I own a business that liquidates estates. More than any market trend, I find the dominant influence in my business is the increasingly widening schism between the two types of relatives involved: On one hand is the television-influenced crowd that thinks everything is worth a fortune, and on the other hand are the ones that just throw all that “old trash” in the landfill.

Of course the former are the ones that call me, while the latter go about their business of throwing away valuable items.

I have seen this trend become stronger as time goes on (I have been in the business for four decades) and 2007 was the worst year I have had.

If only we could all educate the public towards a more reasonable approach…

Richard R. Old, Ph.D.
Estate Services


Noah:

We specialize in vintage Hawaiian collectibles, or Hawaiiana. We closed our brick and mortar store four years ago after nearly 35 years of retail. Now we sell on our Web site, eBay, antique shows and directly to our longtime customers.

Our business in 2007 was as good as we wanted it to be. The better items always sell for a good price. It’s just a matter of what we are willing to part with, as with all collectors/dealers.

We could generate net income of $20,000 a year or $50,000 depending on our needs. Now as for the typical booth in the typical antique mall, or the average antique store, that’s another story. Just look at eBay. There are thousands of listings that are not particularly unique all competing with each other.

In order to succeed you need to have unique and desirable items. You should have a specialty such as Victorian clothing, or antique jewelry, Rosewood pottery, etc. The only way to develop a strong customer base is to have a niche that will keep them coming back to you.

So, 2008 will be the same. Don’t expect to offer an eclectic array of mediocre items and have strong sales.

Evan Olins
Kailua-Kona, Hawaii


Editor’s Note:Antique Trader asked a few weeks ago if our readers had “Holy Grail” antiques that they would trade their collections in for. A few responses are still rolling in.

Noah:

I’ve collected milk glass figural plates for more than 30 years and have never found the Negroes and Watermelon plate in the reference books. In fact, in this time I’ve never seen one for sale anywhere in malls, shows, flea markets, online, etc.

Even knowing this, I wouldn’t trade all my antiques for this piece – or any other. As beautiful as they are, they all pale in comparison to my wife, children and grandchildren. These are the truly important things in life.

John Ruff
Stuttgart, Ark.


Noah:

I finally got to you. My choice for one big item? A Faberge egg…
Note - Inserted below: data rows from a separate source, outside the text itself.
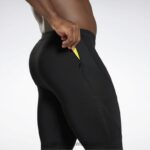 رجال أسود الجوارب الجري سبيدويك Reebok 0NZ0F1345 - Image 5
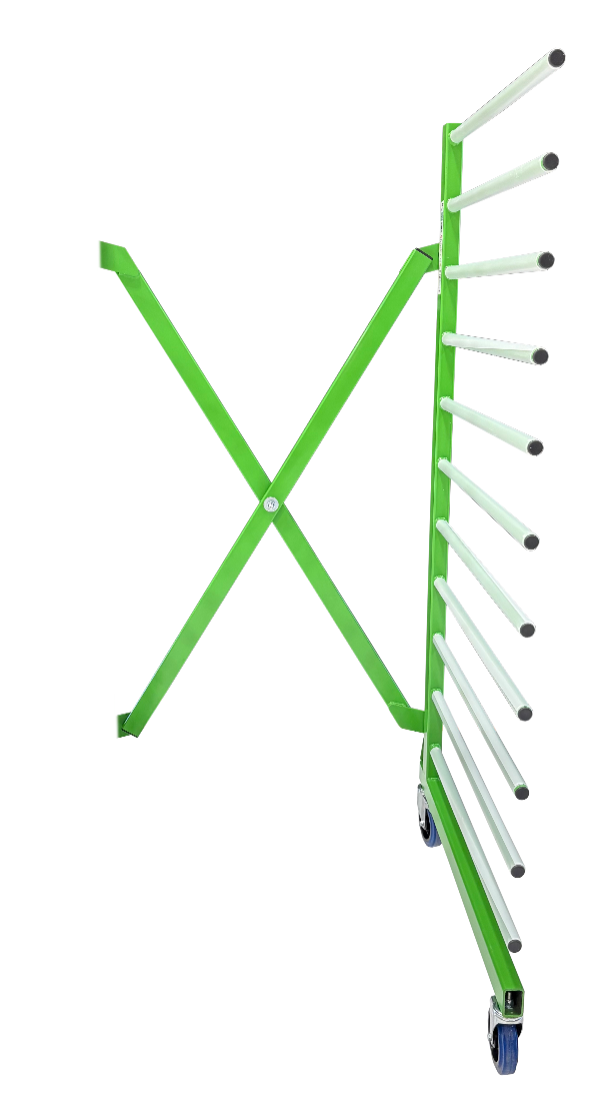 HULKrack2™ Leg with X Drying Rack Support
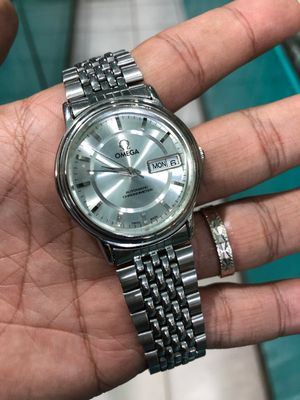 jam tangan klasik otomatis omega kondisi baik semua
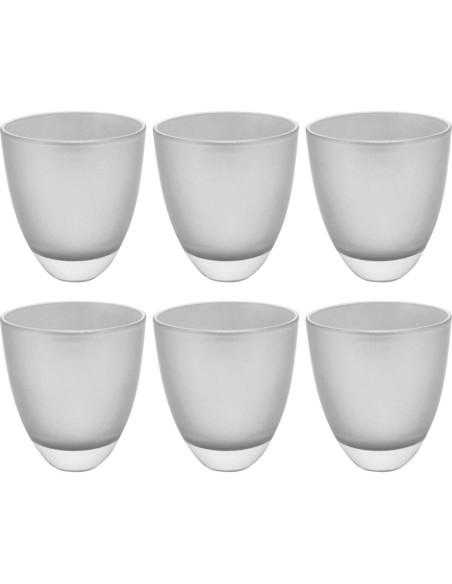 LE STELLE SET 6 BICCHIERI ACQUA COLORATI 36 CL - SABRINA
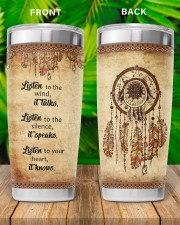 Tumbler - Native American Pattern 20oz Tumbler aos-20oz-tumbler-lifestyle-front-89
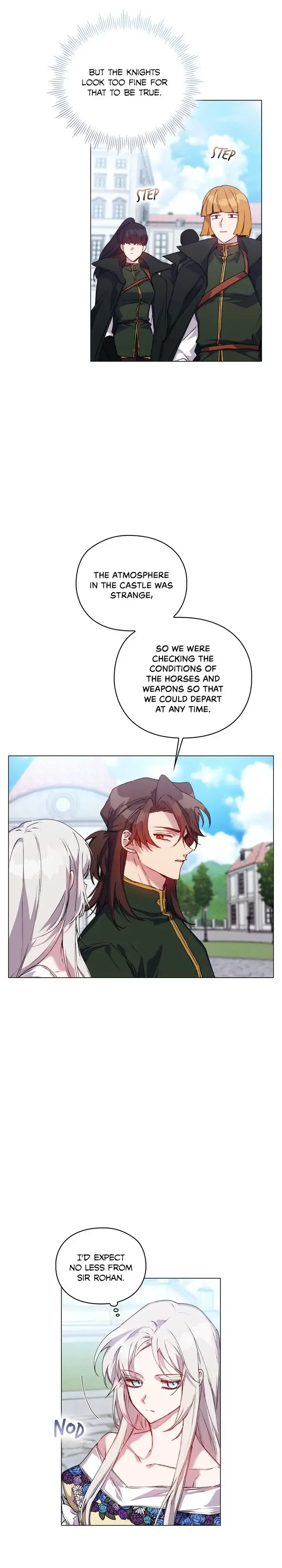 Your Majesty, I will raise you well in this life Chapter 50 page 3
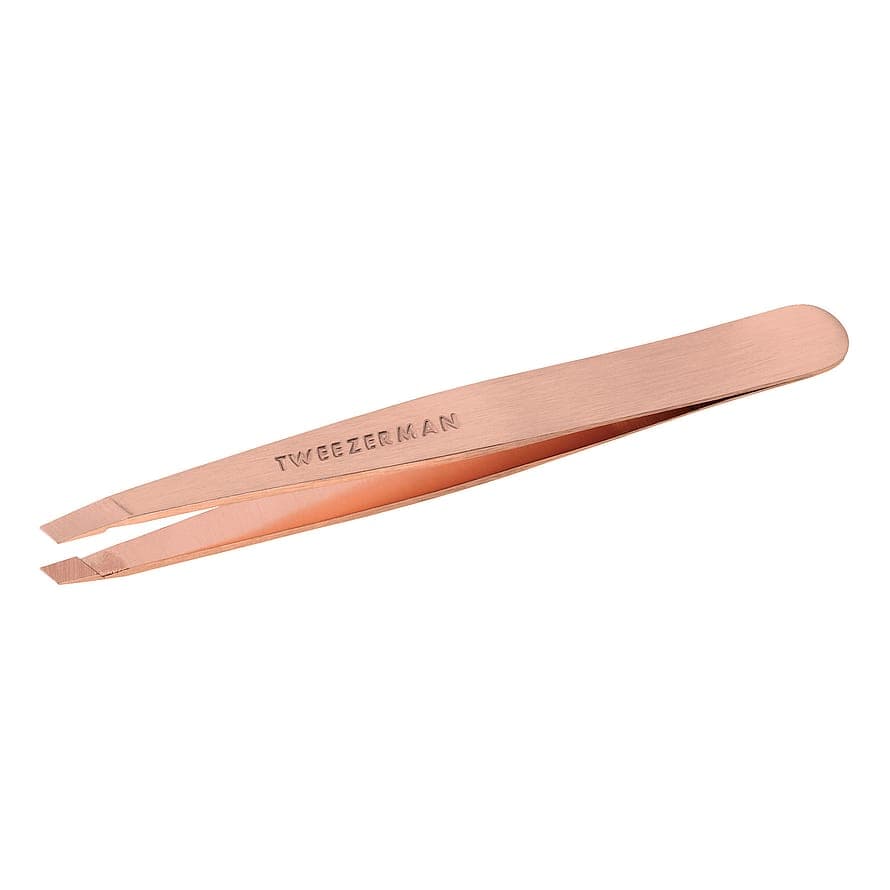 Studio Slant Tweezer Rose Gold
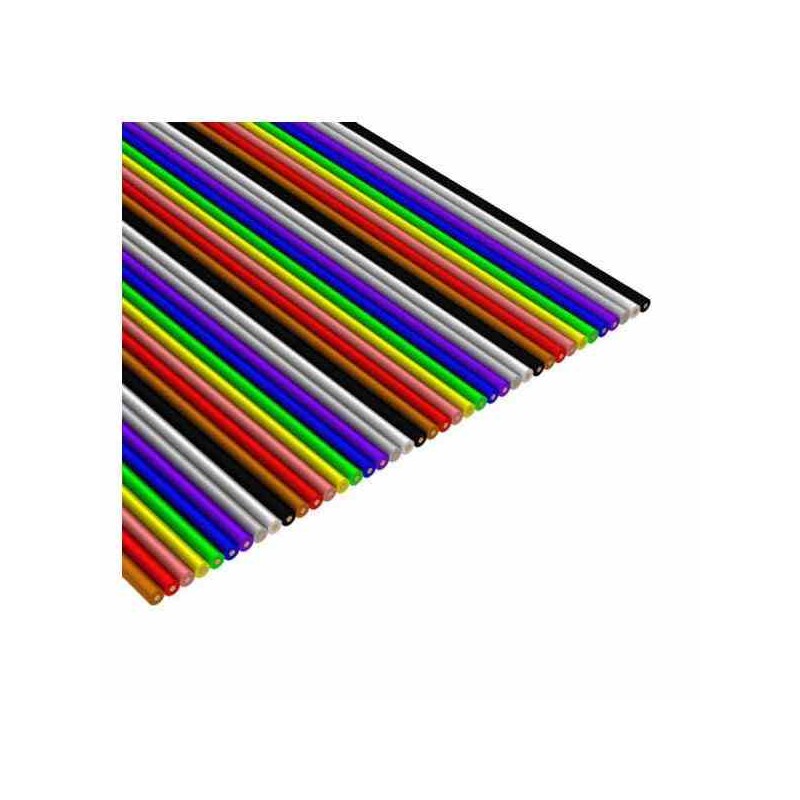 BUS DE DATOS DE COLORES (CABLE RIBBON)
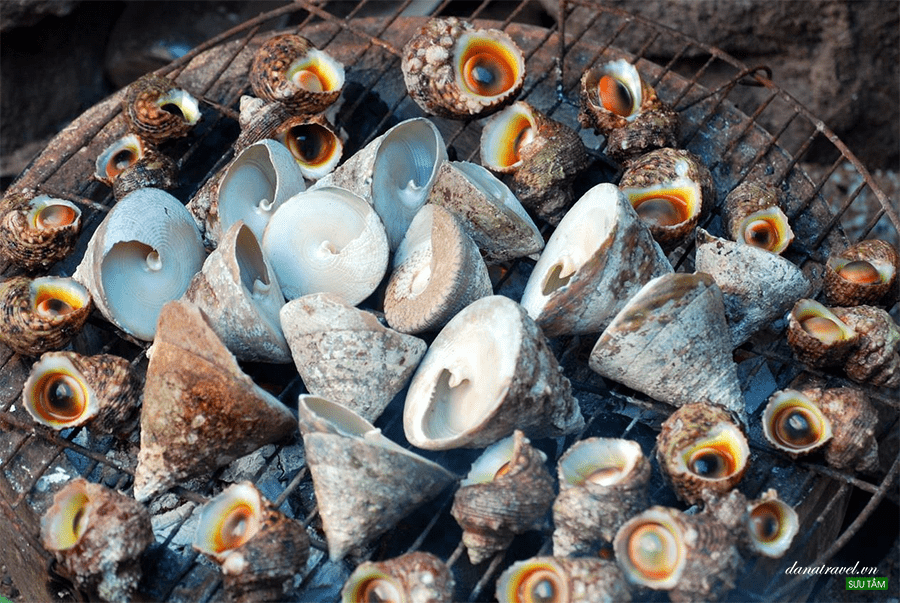 hải sản côn đảo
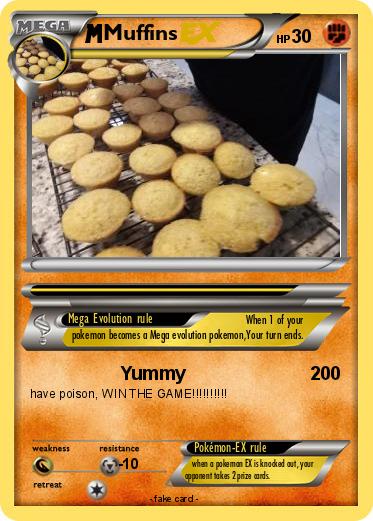 Pokemon Muffins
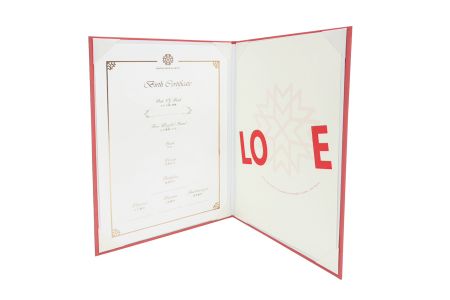 高質感獎狀夾訂製 - 高質感獎狀夾訂製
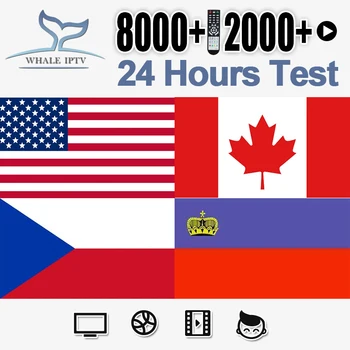

WhaleIPTV USA Canada IPTV 8000+ Czech Romania m3u IPTV enigma2 Smart TV Android TV box with xxx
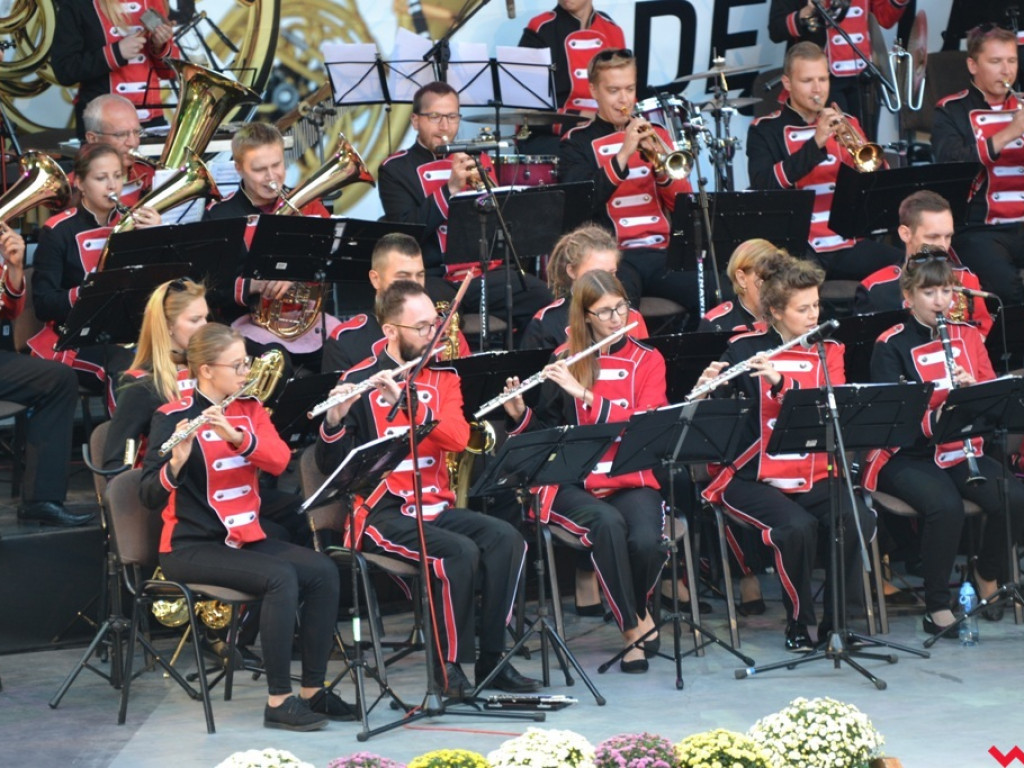 Eksplozja energii w amfiteatrze na zakończenie festiwalu orkiestr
It was my first thought and 10 days later I still consider it my choice. I really do enjoy reading your editorials and am a collector of about six different things: Ladies compacts – mostly foreign, contemporary art glass, Southwestern black Indian pottery, Eskimo soapstone carvings, Oriental art and old art pottery. My collections would probably be worth, total, quite a bit.

I’m 85 years old and one thing like a Faberge egg would be worth it all.